What you should do.
Search the listing for the word "with" and copy every line where it turns up.

Excerpted records.
* * * * *

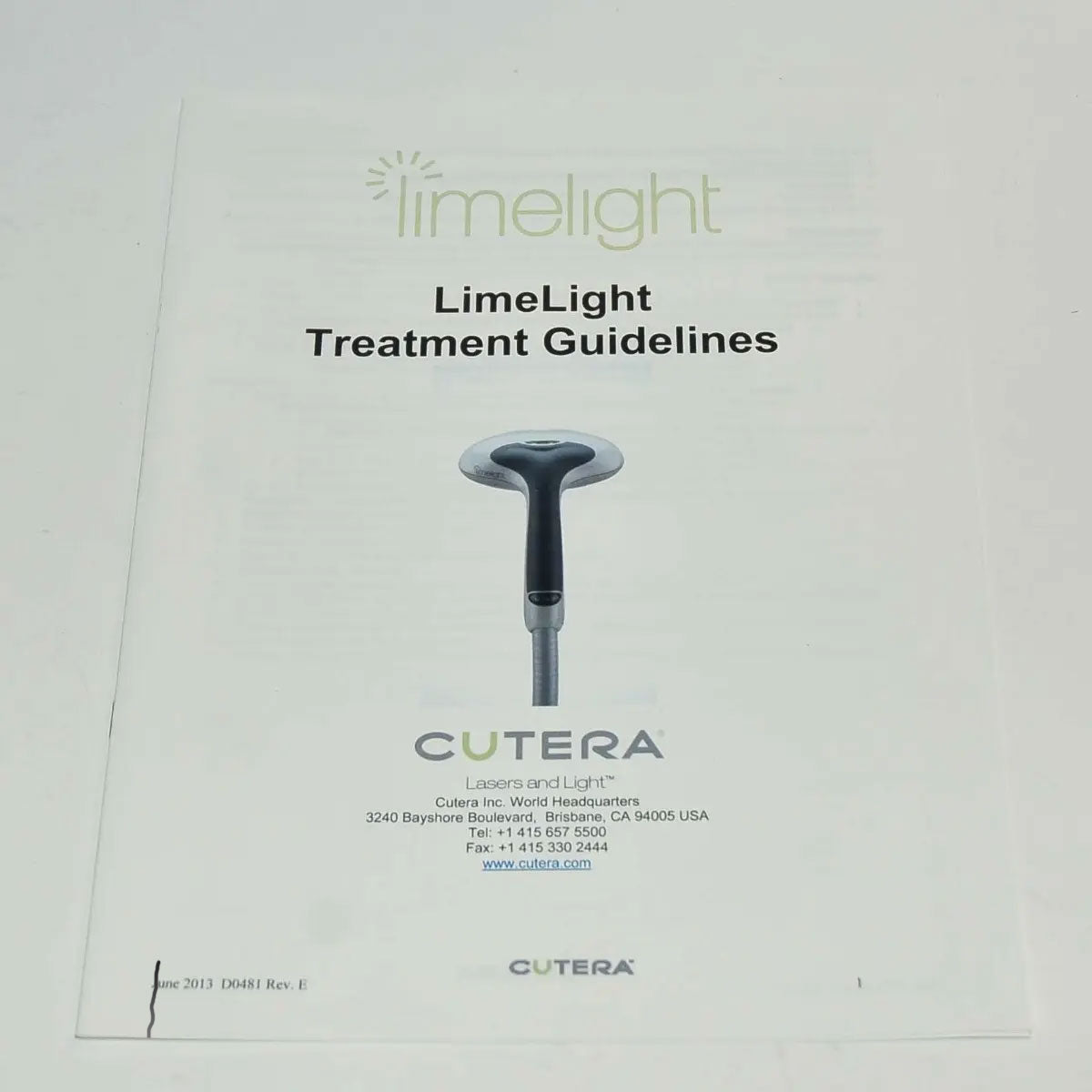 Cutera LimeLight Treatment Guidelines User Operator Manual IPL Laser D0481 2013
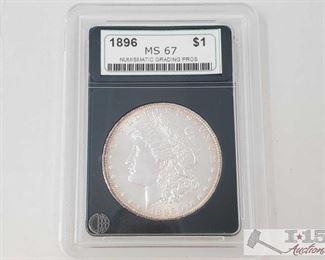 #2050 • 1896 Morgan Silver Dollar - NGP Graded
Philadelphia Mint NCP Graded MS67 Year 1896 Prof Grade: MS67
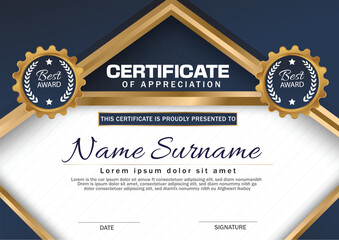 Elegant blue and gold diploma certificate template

* * * * *

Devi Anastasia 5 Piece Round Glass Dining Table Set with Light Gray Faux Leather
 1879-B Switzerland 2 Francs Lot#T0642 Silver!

* * * * *

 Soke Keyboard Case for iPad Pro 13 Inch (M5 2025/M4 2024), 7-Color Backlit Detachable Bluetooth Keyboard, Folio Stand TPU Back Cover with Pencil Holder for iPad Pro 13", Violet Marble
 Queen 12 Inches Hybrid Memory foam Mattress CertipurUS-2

* * * * *

Written solution.
Devi Anastasia 5 Piece Round Glass Dining Table Set with Light Gray Faux Leather
 Soke Keyboard Case for iPad Pro 13 Inch (M5 2025/M4 2024), 7-Color Backlit Detachable Bluetooth Keyboard, Folio Stand TPU Back Cover with Pencil Holder for iPad Pro 13", Violet Marble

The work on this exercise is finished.